- Ramciel Location within South Sudan
- Coordinates: 6°23′48.57″N 30°56′4.18″E﻿ / ﻿6.3968250°N 30.9344944°E
- Country: South Sudan
- State: Lakes State
- County: Awerial County
- Abuyung Payam: Makur Boma
- Time zone: UTC+02:00 (CAT)

= Ramciel =

Ramciel is located in Awerial County, in Lakes States, in the Bahr el Ghazal region of South Sudan. It has been previously proposed to be the future national capital.

==Geography==

Ramciel is about 250 km north of Juba. There is currently no tarmacked road between Juba and Ramciel, but it is estimated that it will take under three hours to travel on a rough road to Juba. Under ideal conditions, it would also probably take about three hours to travel to Rumbek and up to six hours to Wau from Ramciel.

The largest grass swamp in the world, the Sudd, lies in the middle of Greater Bahr el Ghazal and Greater Upper Nile, thus making direct road communications between towns located at the opposite four corners of the Sudd practically impossible; thus the need to go around the swamp, which currently makes both Malakal and Bentiu inaccessible by road from the south and west in the wet season from June to November.

The inhabitants of Ramciel are mainly Aliab Dinka. Ramciel is located in the territory of Makur Boma of Abuyung Payam, Awerial county, Lakes State. The land is used for grazing and cultivation during the dry season and in the Nile marshes during the wet season. There are conflicting reports over its suitability for large-scale construction, with some characterizing the area as woodland & grassland, and others contending that the rocky highlands can support a major city if one were to be built there.

==National capital proposal==
In early February 2011, what was then the Autonomous Government of Southern Sudan adopted a resolution to find a new capital for South Sudan. Ramciel was one of the two proposed locations for the site. Lakes Governor Chol Tong Mayay visited Ramciel later in the month to raise attention for its bid to be the site of the new capital. "The late Dr John Garang promised to build Ramciel as the capital of South Sudan and having it here will be a dream come true." Just prior to South Sudanese independence in July 2011, a government spokesman confirmed the federal government of the country was still considering building a new capital at Ramciel. On 2 September, the federal cabinet voted to designate Ramciel as the site for a planned city, to be demarcated from Lakes State.
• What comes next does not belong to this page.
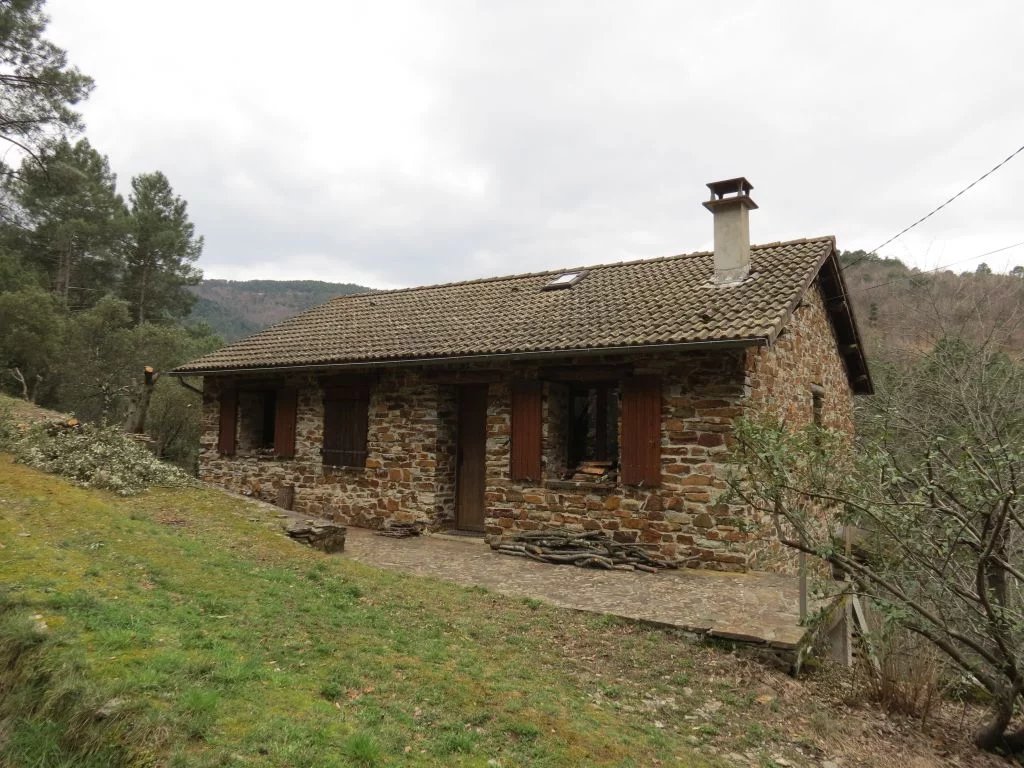 Agence immobilière de Pierres Des Cevennes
Vice President Riek Machar said in mid-December 2011 that the government of South Sudan is planning to build a major international airport in a free trade zone to be established in Tali Payam of Terkeka County which borders Awerial (Aliab) County on the South West approximately 50 km away from Ramciel. Machar suggested that this airport could handle traffic from large cargo planes for which other regional airports are not designed, an asset that would be vital to realising Machar's vision for South Sudan to become a trade hub in the center of the African continent. Machar also visited Kenisa (Panhom) where port is intended to be constructed.

Building progress has lagged official estimates, and as of 2023 satellite imagery shows practically no building. However, there was progress reported on the planning process: a contract was awarded in 2012 to conduct a survey and feasibility study of the site. The proposed area has been visited multiple times by Vice President Riek Machar.